### Work order:
An exact copy of the data is required, with no pictures in it.

Stored entries:
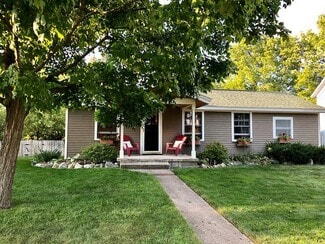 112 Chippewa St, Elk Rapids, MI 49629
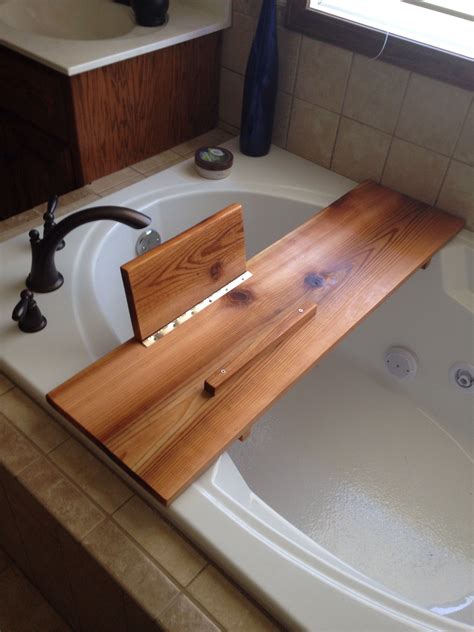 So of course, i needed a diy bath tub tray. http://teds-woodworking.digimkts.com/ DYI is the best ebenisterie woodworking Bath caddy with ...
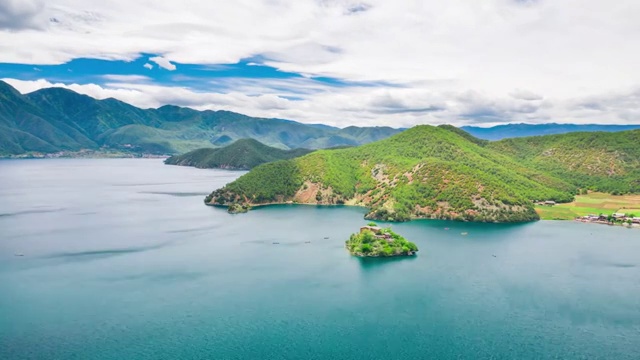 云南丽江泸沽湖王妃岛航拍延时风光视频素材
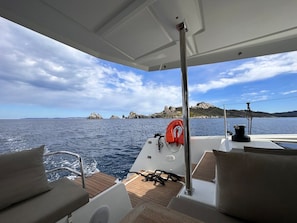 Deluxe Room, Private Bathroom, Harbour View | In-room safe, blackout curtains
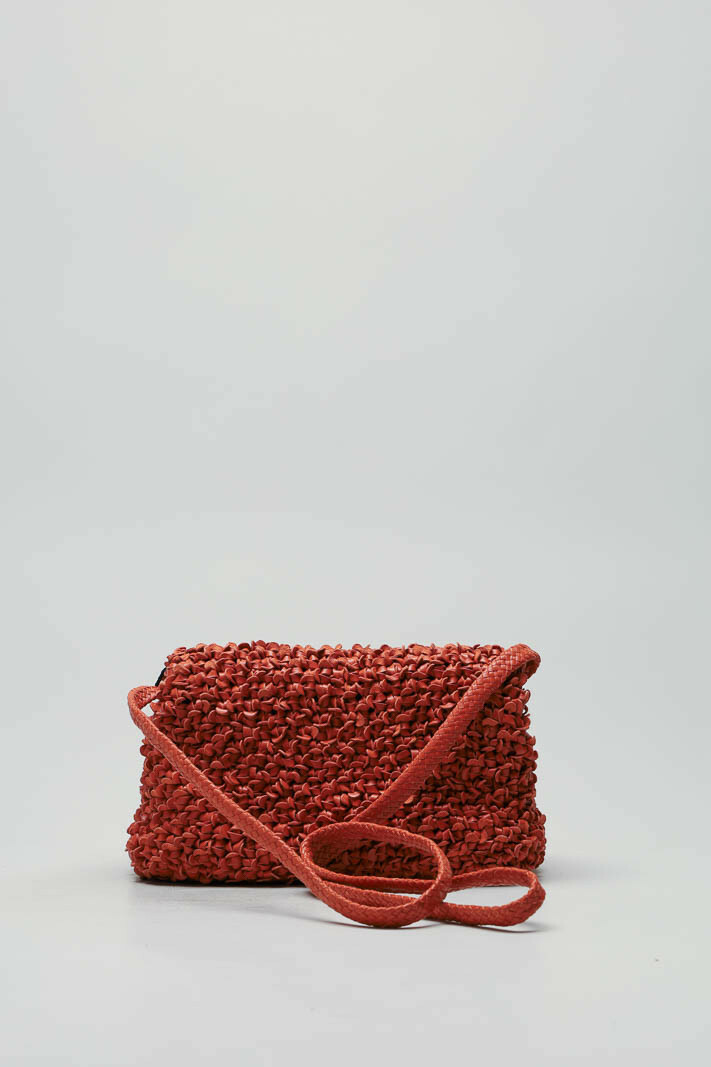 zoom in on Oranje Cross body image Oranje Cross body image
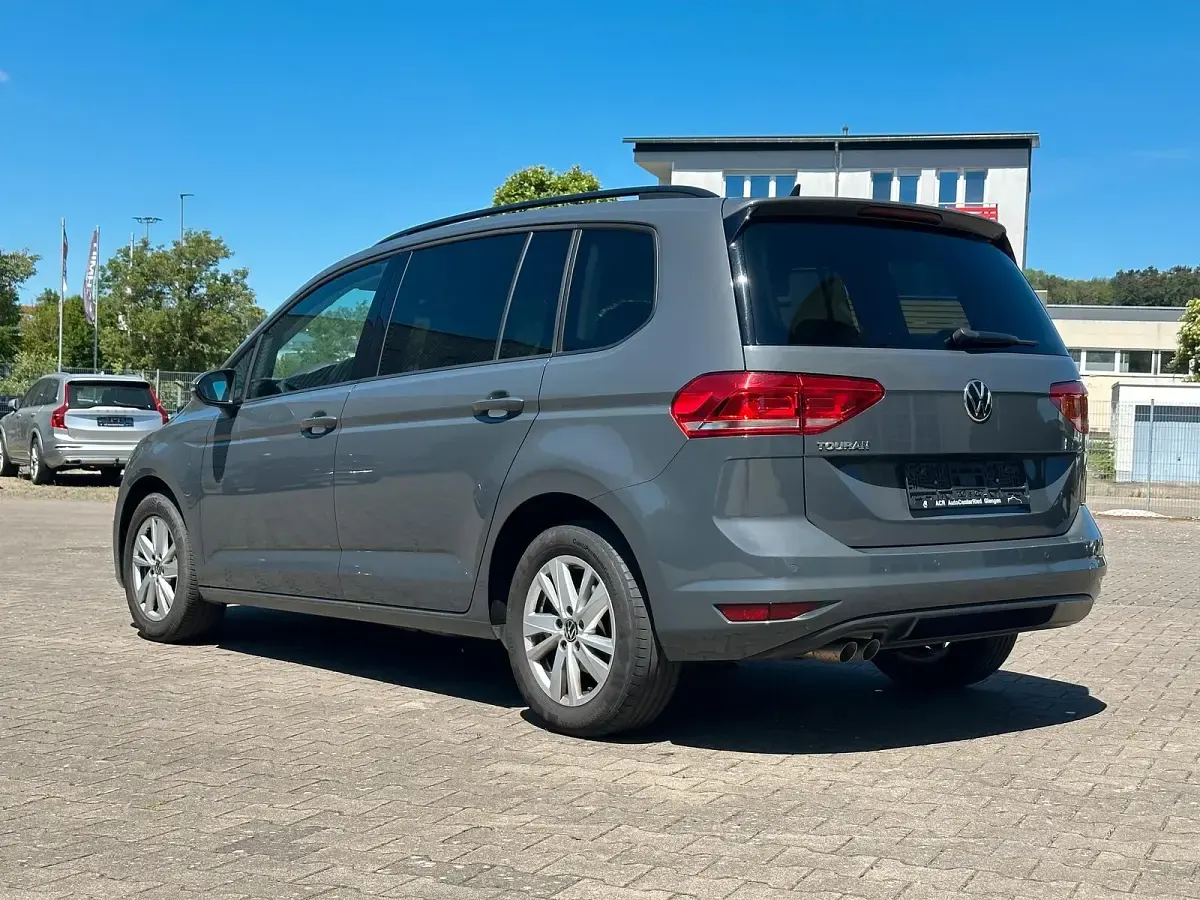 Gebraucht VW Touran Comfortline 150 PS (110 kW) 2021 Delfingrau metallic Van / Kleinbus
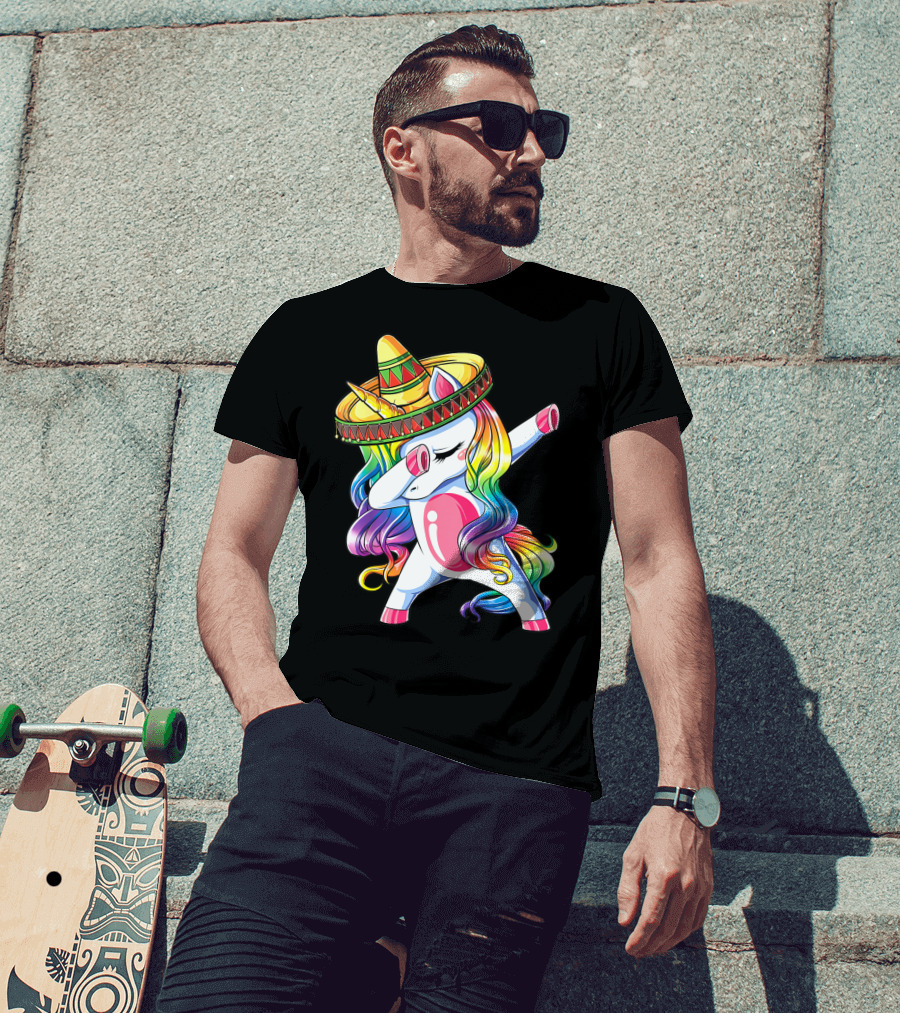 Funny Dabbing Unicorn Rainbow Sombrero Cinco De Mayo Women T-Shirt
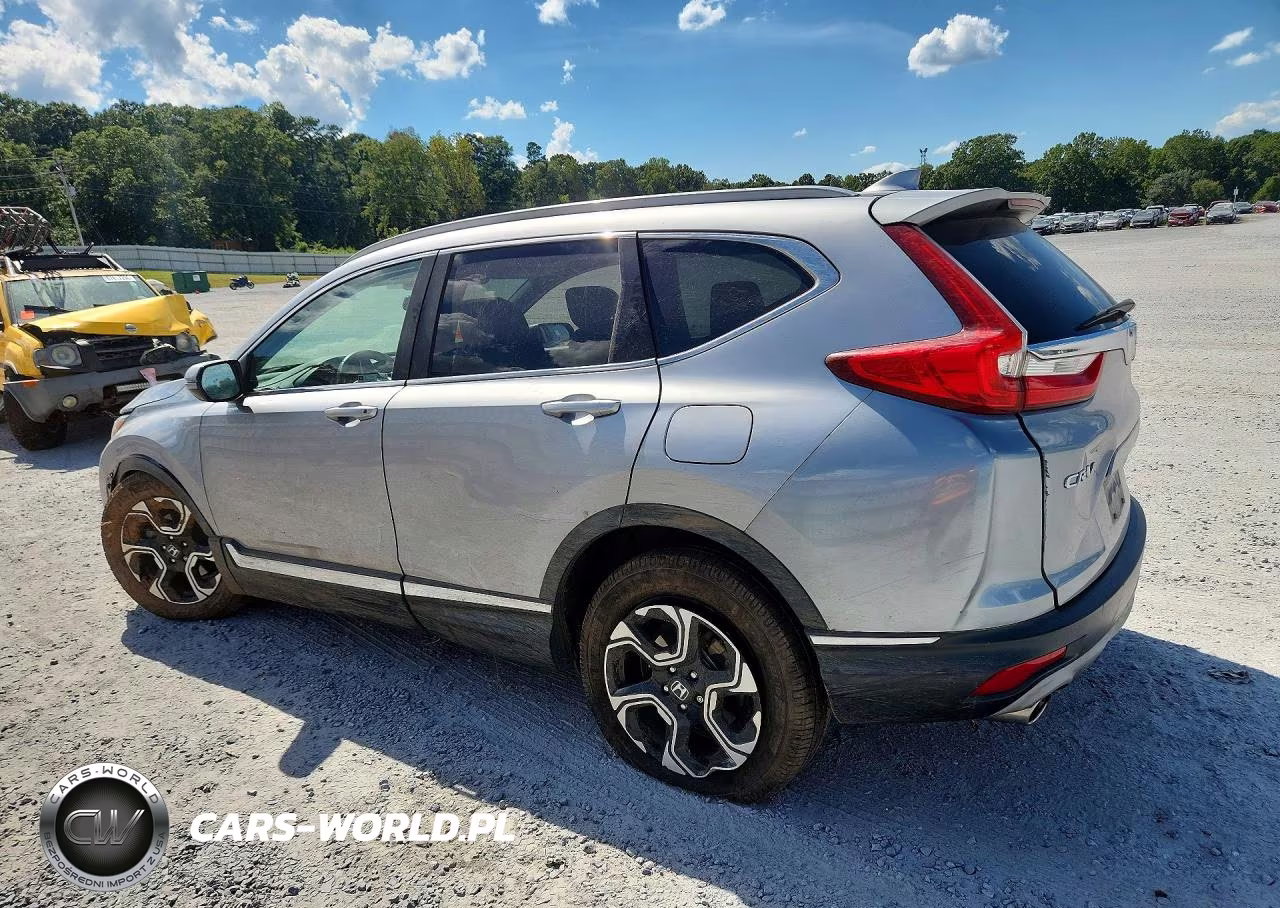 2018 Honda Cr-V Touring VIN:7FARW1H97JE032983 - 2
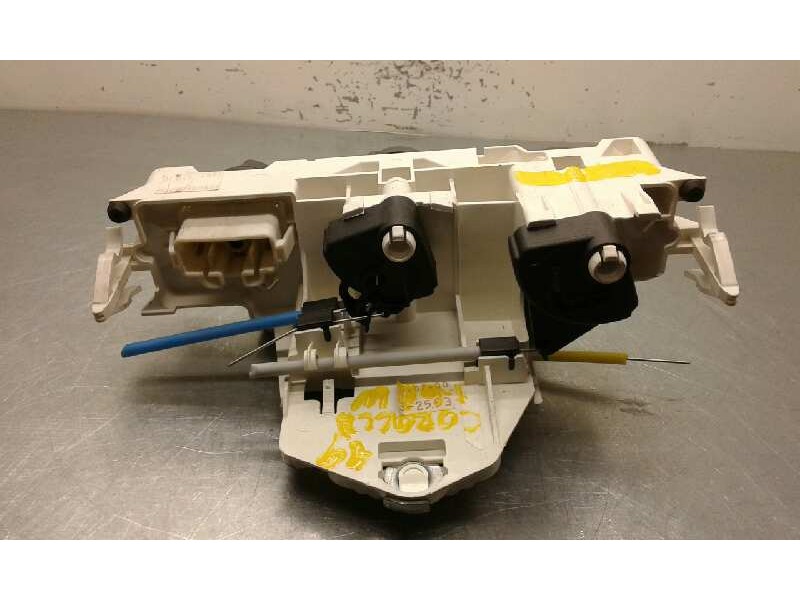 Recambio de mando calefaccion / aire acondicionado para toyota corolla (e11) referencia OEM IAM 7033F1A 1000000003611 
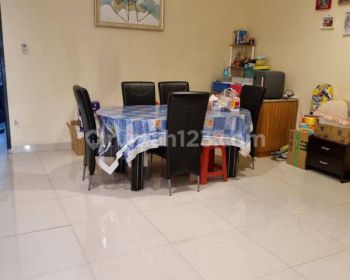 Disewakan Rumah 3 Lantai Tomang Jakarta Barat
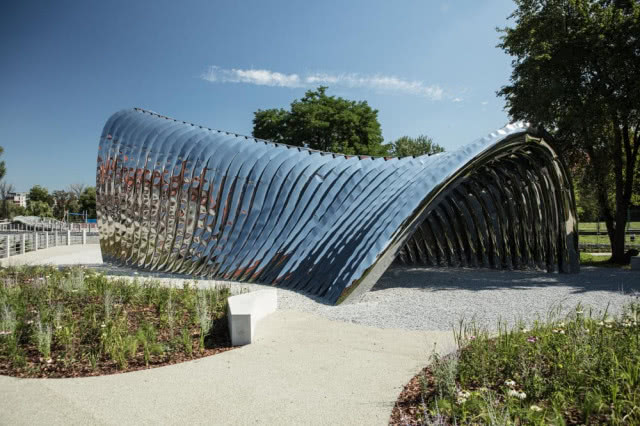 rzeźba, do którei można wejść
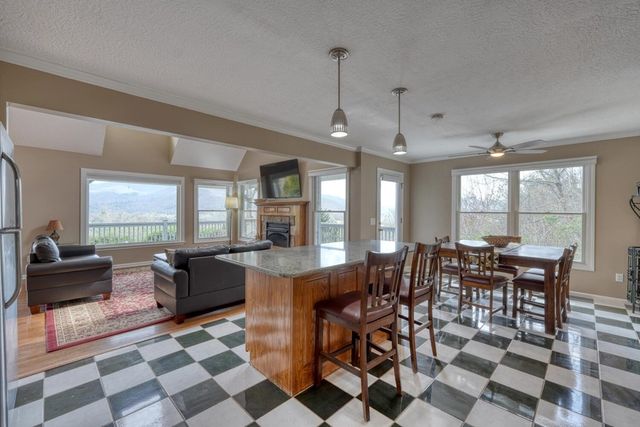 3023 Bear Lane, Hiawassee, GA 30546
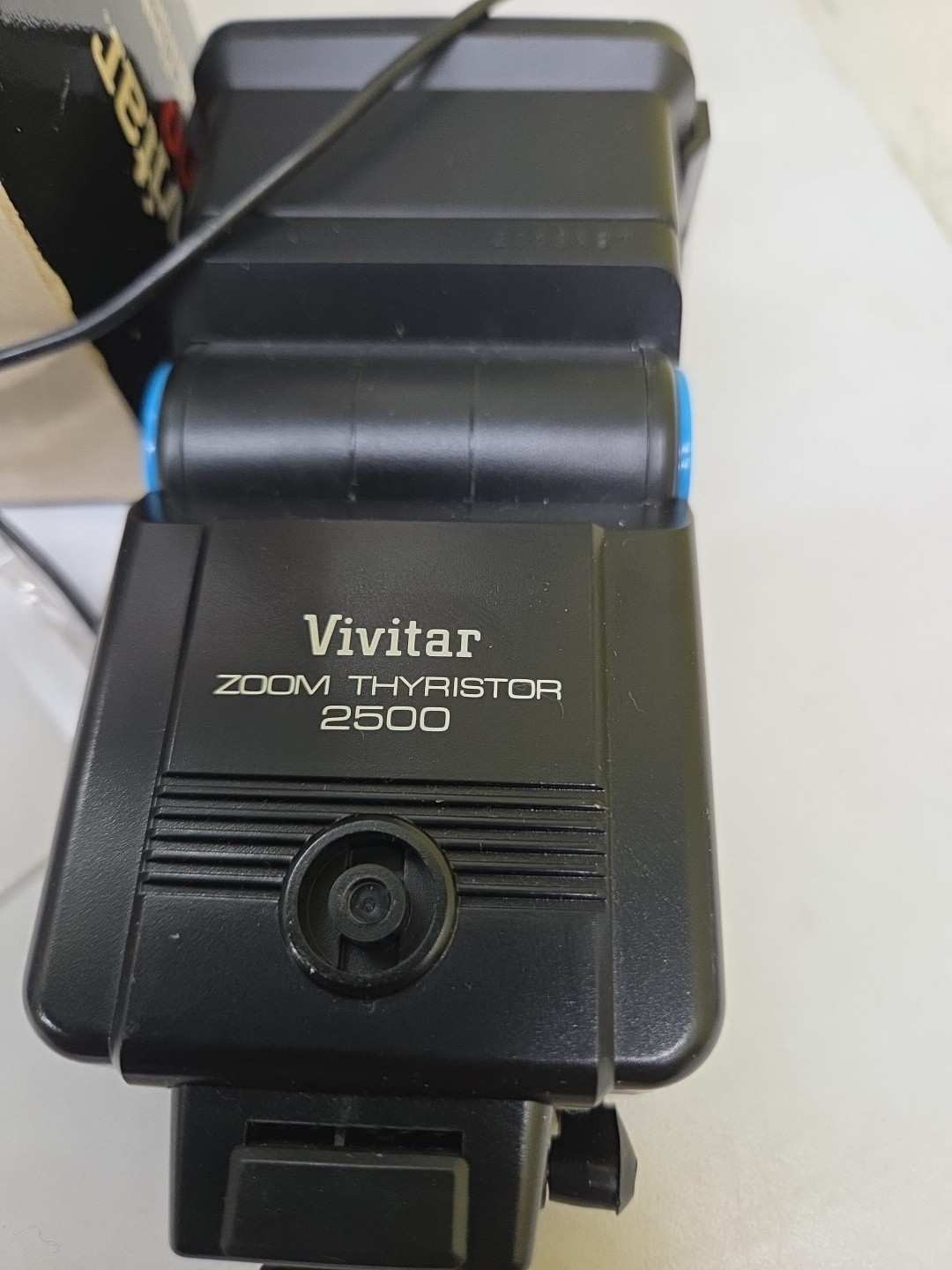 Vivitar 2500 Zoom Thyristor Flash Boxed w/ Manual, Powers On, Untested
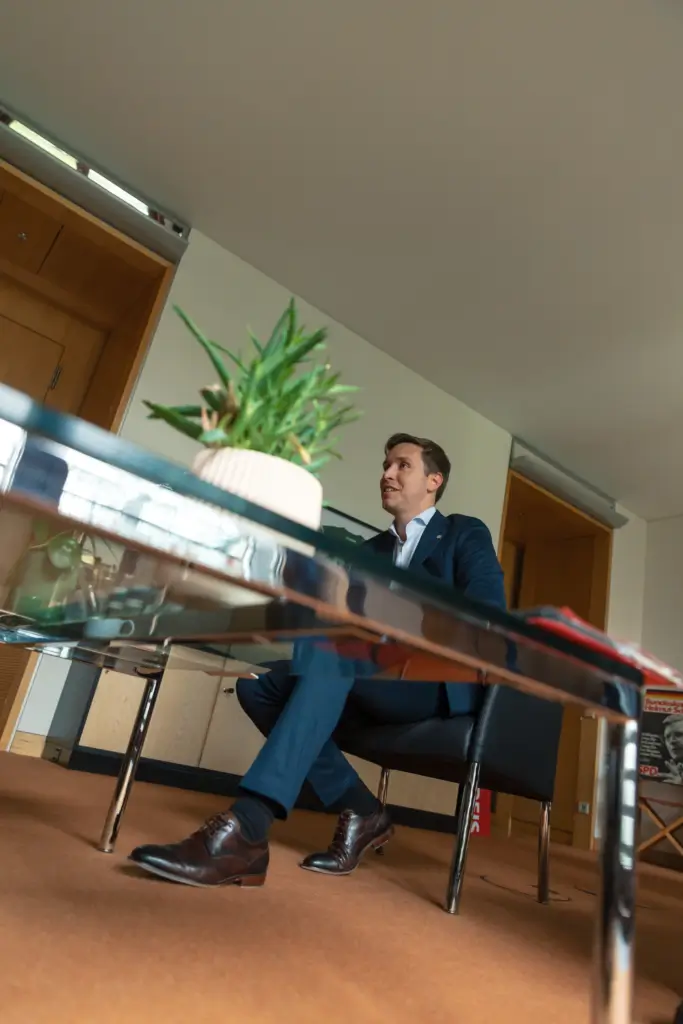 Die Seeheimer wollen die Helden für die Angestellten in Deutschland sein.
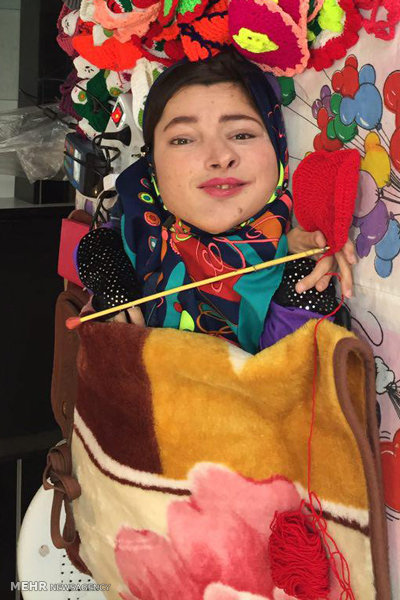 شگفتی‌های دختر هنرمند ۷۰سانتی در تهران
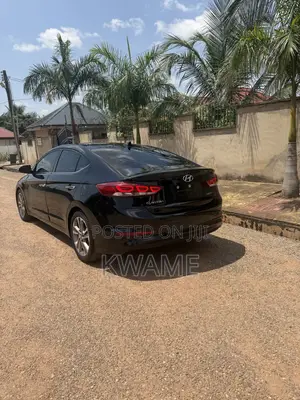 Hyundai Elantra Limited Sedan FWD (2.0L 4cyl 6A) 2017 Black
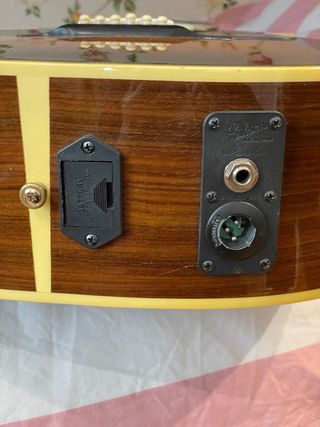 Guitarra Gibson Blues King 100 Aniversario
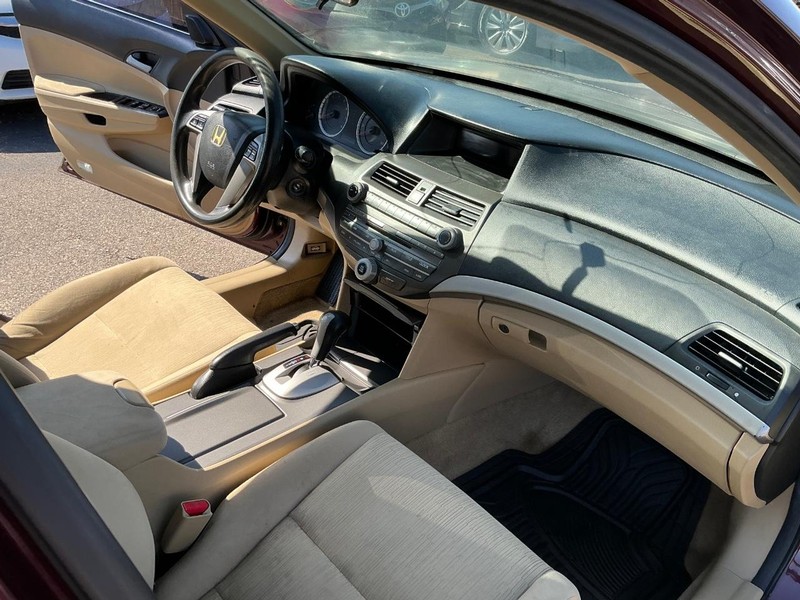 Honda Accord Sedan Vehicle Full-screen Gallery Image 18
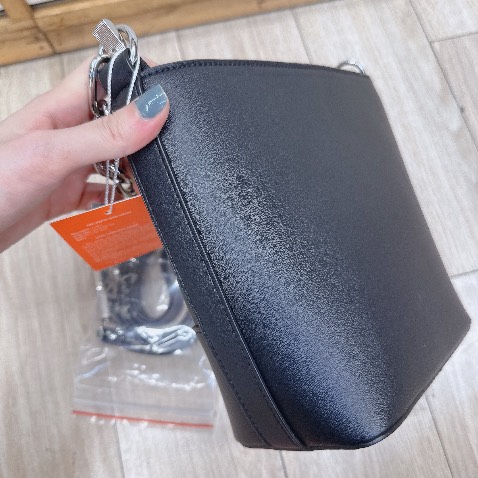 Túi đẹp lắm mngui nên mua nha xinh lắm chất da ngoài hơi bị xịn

### Output of the task:
 112 Chippewa St, Elk Rapids, MI 49629
 So of course, i needed a diy bath tub tray. http://teds-woodworking.digimkts.com/ DYI is the best ebenisterie woodworking Bath caddy with ...
 云南丽江泸沽湖王妃岛航拍延时风光视频素材
 Deluxe Room, Private Bathroom, Harbour View | In-room safe, blackout curtains
 zoom in on Oranje Cross body image Oranje Cross body image
 Gebraucht VW Touran Comfortline 150 PS (110 kW) 2021 Delfingrau metallic Van / Kleinbus
 Funny Dabbing Unicorn Rainbow Sombrero Cinco De Mayo Women T-Shirt
 2018 Honda Cr-V Touring VIN:7FARW1H97JE032983 - 2
 Recambio de mando calefaccion / aire acondicionado para toyota corolla (e11) referencia OEM IAM 7033F1A 1000000003611 
 Disewakan Rumah 3 Lantai Tomang Jakarta Barat
 rzeźba, do którei można wejść
 3023 Bear Lane, Hiawassee, GA 30546
 Vivitar 2500 Zoom Thyristor Flash Boxed w/ Manual, Powers On, Untested
 Die Seeheimer wollen die Helden für die Angestellten in Deutschland sein.
 شگفتی‌های دختر هنرمند ۷۰سانتی در تهران
 Hyundai Elantra Limited Sedan FWD (2.0L 4cyl 6A) 2017 Black
 Guitarra Gibson Blues King 100 Aniversario
 Honda Accord Sedan Vehicle Full-screen Gallery Image 18
 Túi đẹp lắm mngui nên mua nha xinh lắm chất da ngoài hơi bị xịn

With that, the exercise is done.